Ant control is among the most common pest issues we treat in Park Slope. Family-dense brownstone blocks and the restaurant corridors along Fifth and Seventh Avenues keep food-source pressure high year-round.
Ant control in Park Slope: what to know
Park Slope's signature brownstones and limestone row houses are beautiful and old — the same deep voids, shared walls and original plumbing that make them charming also make them prone to rodents, ants and cockroaches moving between floors and homes.
The neighbourhood's location on the edge of Prospect Park means added seasonal pressure from rodents, mosquitoes and ticks, and from outdoor ants foraging indoors in warm months.
Family-dense brownstone blocks and the restaurant corridors along Fifth and Seventh Avenues keep food-source pressure high year-round.
How much does carpenter ant & ant control cost in Park Slope?
$60–$500
National average: $150–$250 per visit (Angi). Typical single treatment: $80–$500 (small infestation). Bob Vila national range: $60–$215. Follow-up/retreatment visits: $40–$120.
US national figure — NYC typically runs higher.
Market range — not our quote
This is a market range synthesised from published cost guides — not a quote from this provider. The actual price depends on an in-person or photo-based inspection.

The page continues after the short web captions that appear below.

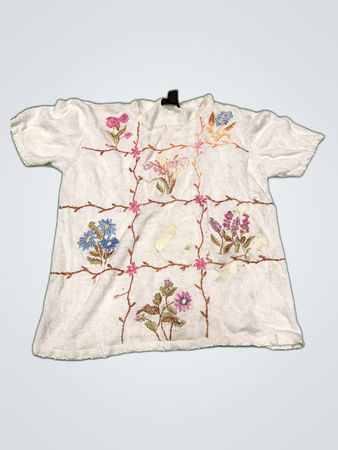 Salon by Stud Floral Embroidered T-Shirt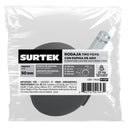 Rodaja tipo yoyo de espiga con aro 50 mm Surtek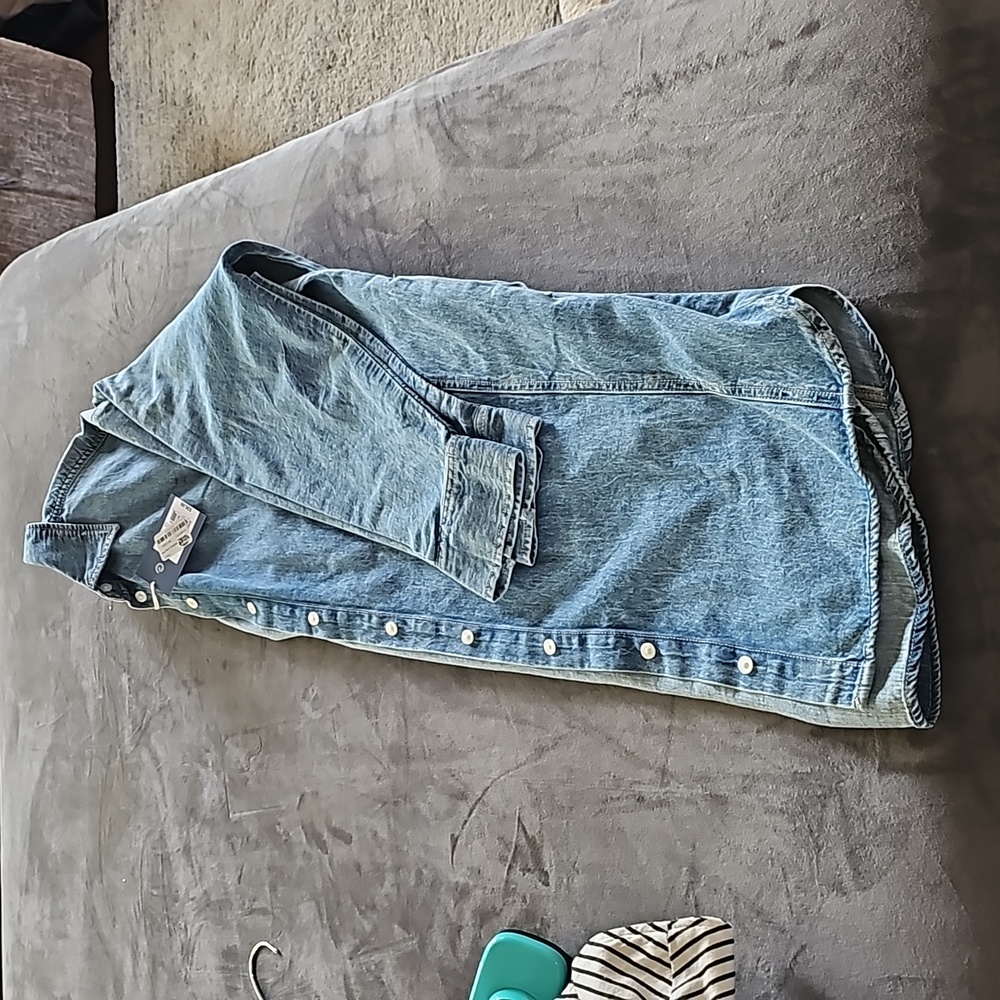 Denim dress with pocket - Picture 4 of 4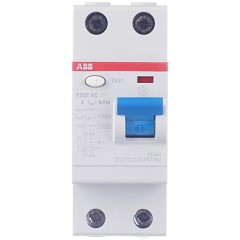 УЗО ABB F202 AC-25/0,1 2-х полюсное тип AC 25A 100mA 2 модуля (ВДТ) 2CSF202001R2250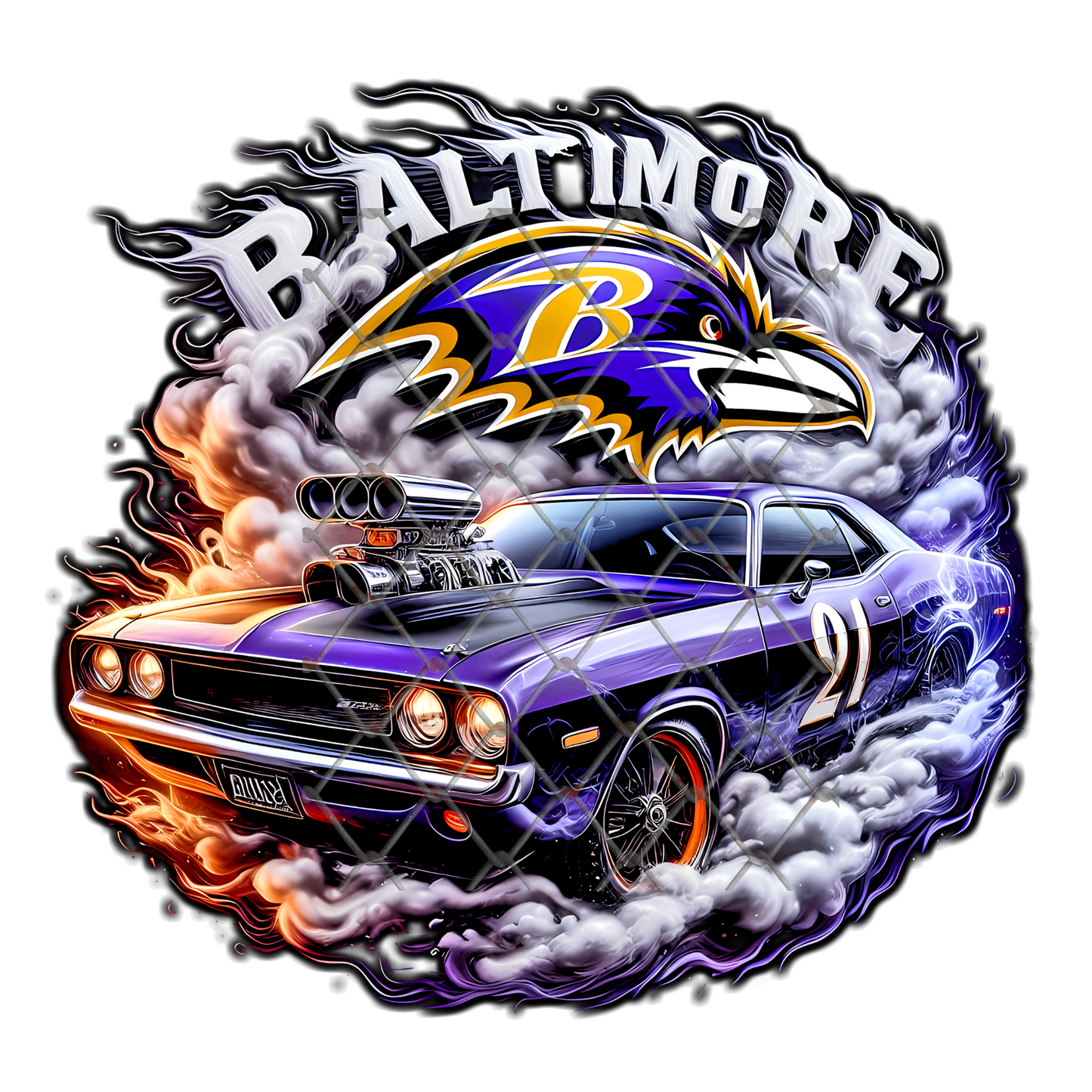Football Team Car Shirt, Muscle Car Sports Tee, Custom Fan Gear Shirt, Game Day Shirt, Football Fan Gift, Street Style Sports Tee, Sublimation Shirt - Image 10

US national — NYC typically higher; no NYC-specific ant cost guide located, unlike bed bugs/rats/roaches.
What drives the price
- Infestation location (attic/basement/exterior walls cost more than kitchen/living space due to access difficulty)
- Severity
- Treatment method
- One-off vs follow-up retreatment
Signs you need ant control
- An ant trail entering around an old window frame or foundation crack, especially in a garden-level unit
- Ants concentrated near a specific baseboard gap or piece of original woodwork
- Trails that reappear after cleaning up the visible ants
- Activity that tracks with damp weather or a nearby moisture source
How we treat ant control in Park Slope
Brooklyn Heights' landmarked brownstones and row houses are among NYC's oldest housing stock, built with original wood framing, stone foundations, and window frames that have settled and gapped over more than a century. That settling is exactly what gives ants an entry route into garden-level and basement units in particular.
Deep baseboard gaps and original wood joinery — features of this historic construction that modern buildings don't have — mean an ant trail can run from an outdoor foraging site straight into a unit through a foundation crack or an old window frame, without much resistance.
Local landmarks & coverage
We serve all of Park Slope and the surrounding Brooklyn area — including Prospect Park, Fifth Avenue, Seventh Avenue, Grand Army Plaza — across ZIP codes 11215, 11217, 11218.